Philo Taylor Farnsworth, specialist in cathode-ray tubes as applied
to television, first became interested in electricity through a farm
lighting system and its electric motors. Popular magazines told him
of "such a thing called television," and he linked his life
work to it.
Farnsworth was described by a friend as "an omnivorous reader of
scientific literature. While at Rigby (Idaho) high school, 1921-22,
he delved into the molecular theory of matter, electrons, the
Einstein theory, automobile engines, model airplanes and chemistry.
He went to Glen Falls, Idaho in 1923 as an electrician on a railroad,
then to Provo, Utah to work in a machine shop.

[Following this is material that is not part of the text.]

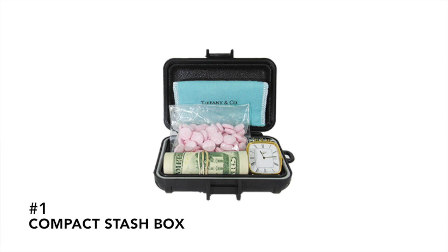Number one, our compact stash box. With 30 pounds of total pull force, securely stash small items in a tight spot. Best used for cash, jewelry, or your stash.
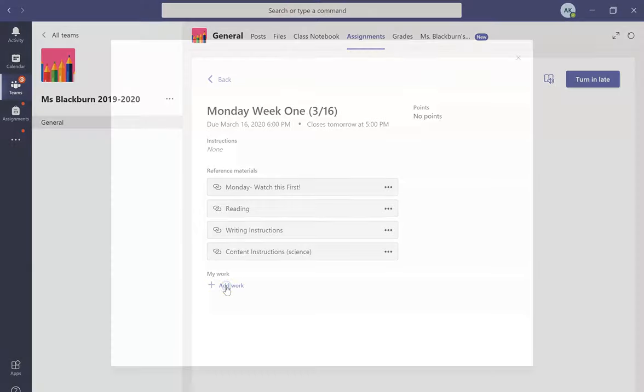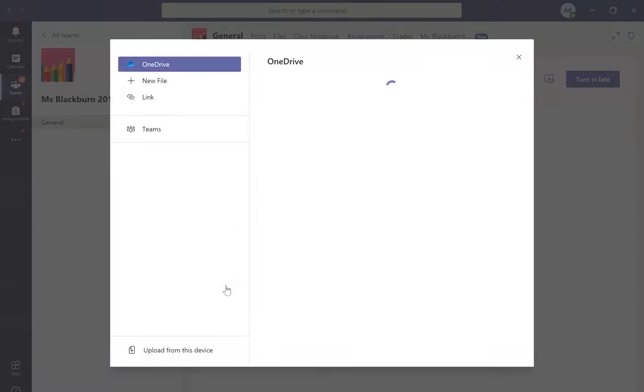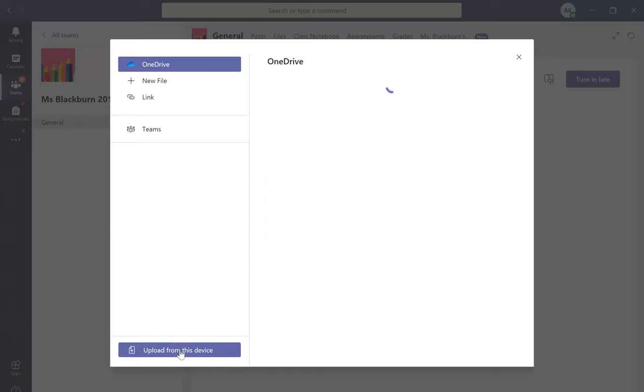From there, you'll click 'Add Work' and upload from this device, or wherever you have the file saved.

He attended high school in Provo in the fall of 1923 and devoted
spare time to study in the library maintained by Brigham Young
University. In 1924 he enrolled in the University, but at the end of
the second year, his father died and young Farnsworth left college to
help support the family.
He entered the radio business at Salt Lake City as a serviceman, but
the shop failed and he went to work in the railroad yards.
To Farnsworth, television was still "a day-dream, a day-dream
only." He had no laboratory or facilities for research or money
to buy equipment. One day in applying for a job in connection with
the Salt Lake City Community Chest campaign, he met Leslie Gorrell
and George Everson of San Francisco, who were conducting the drive.
Farnsworth was hired.
As the men became acquainted it was natural that they should learn
about television from the young man. This was a turning point.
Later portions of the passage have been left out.